Un librero se vuelve un obseso del orden, un sujeto que busca mantener, como Sísifo, en una disposición determinada mesas y anaqueles que nunca paran de moverse. Manía que una vez adquirida jamás podrá desterrarse. El librero visitará casas y tratará siempre de ordenar por alfabeto o por tamaño, los libros que estén frente a él. Recuerdo que en una ocasión, mientras viajaba en el Metro, se me metió en la cabeza que debería encontrar un título que necesitaba para algo en específico. Cuando llegué a casa, encendí la computadora y entonces caí en cuenta que el programa de búsqueda que utilizaba en el trabajo no funcionaba con los títulos de mi hogar. Me comencé a reír como tonto, yo solo frente a la computadora. Al otro día decidí organizarlos alfabéticamente y hacer una hoja de cálculo inventareando mis libros. Labor que no he terminado, pero en la que sigo. En otra ocasión, entré a una librería y al poco rato ya estaba dando orden a la mesa de novedades, ante la sorpresa de los empleados que me veían desde lejos. La librería pronto se volvió mi hogar, mi casa era solo el lugar donde dormía.
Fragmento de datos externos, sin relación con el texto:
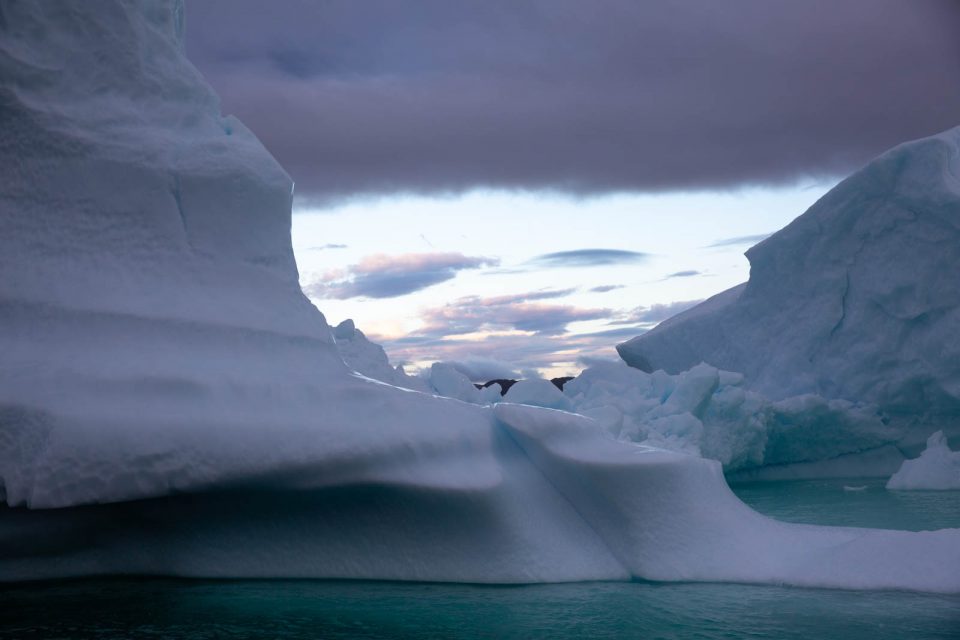 Photo: Like Ice in the Sunshine - Im S&uuml;dwesten von Gr&ouml;nland II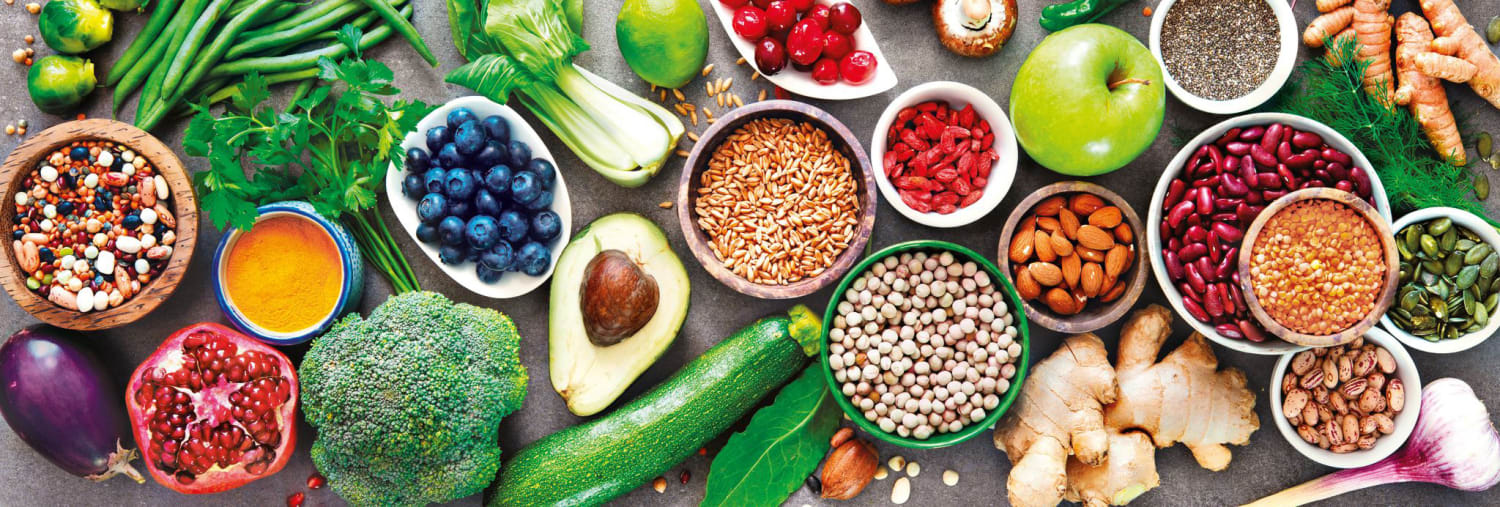 Healthy Veggie Fruit & Vegetable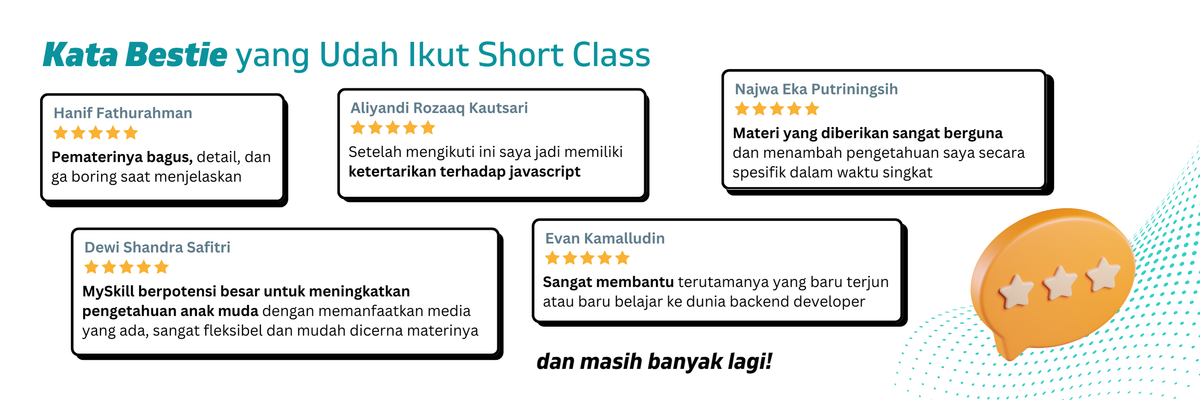 Cerita Bestie MySkill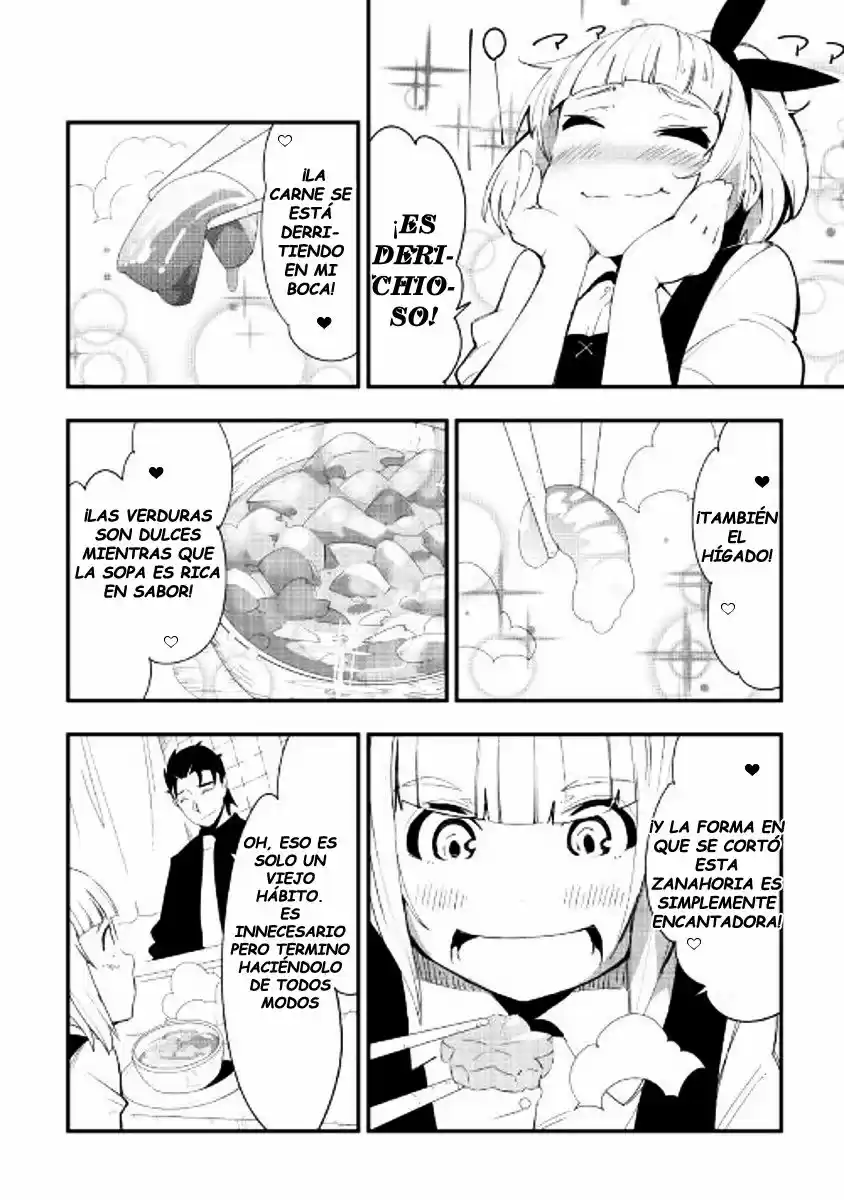 Chihoukishi Hans No Junan - Capítulo 24 - Página 7 - LectorTMOo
En cualquier sitio donde el dinero y el conocimiento se reúnen, se darán cita también la estupidez y la prepotencia. Pronto me di cuenta de que para mucha gente los libreros éramos solamente el receptáculo de su odio. Otras veces había que soportar la ignorancia insultante de gente que tuvo la fortuna de nacer en un hogar adinerado y la necedad de no saber aceptar su estulticia.

A veces, el trabajo de lidiar con los clientes era tan pesado que, como forma de desfogue, escribía breves estados en mi Facebook. Eran las quejas normales de alguien que no puede gritarle en su cara a los clientes so pena de ser despedido. Luego, me volví más y más observador hasta que esos breves estados eran casi una cuartilla de descripciones sobre lo que vivía.

A mis contactos les gustaba leer esas historias. Para evitar problemas en el trabajo no hacía referencia al sitio donde sucedían. Todas eran historias de clientes que buscaban un libro que había estado en la mesa de novedades hace meses, o el cambio de uno comprado hacía cinco años pero que no habían podido ir ya que radicaban en Alemania, o esa señora que te decía que después te pagaría porque ahora no quería.

Un día un amigo, editor en Playboy, me pidió una crónica sobre lo que pasaba en la librería en el mismo tono en que me quejaba en internet. Le tomé la palabra y la escribí. Extrañamente fue uno de los textos más leídos en papel y luego, al salir en su versión electrónica, tuvo otros lectores que la acogieron con gusto. El texto, con modificaciones, es el que abre este libro. De ahí en adelante todos son rigurosamente inéditos.

El resto de las crónicas las escribí en los tiempos muertos en el trabajo, cuando, cansado por el subir y bajar libros, me sentaba frente a la computadora y me ponía a escribir sobre mis clientes. Sea pues, estos textos son una memoria de lo que pasa en una librería peculiar y entrañable.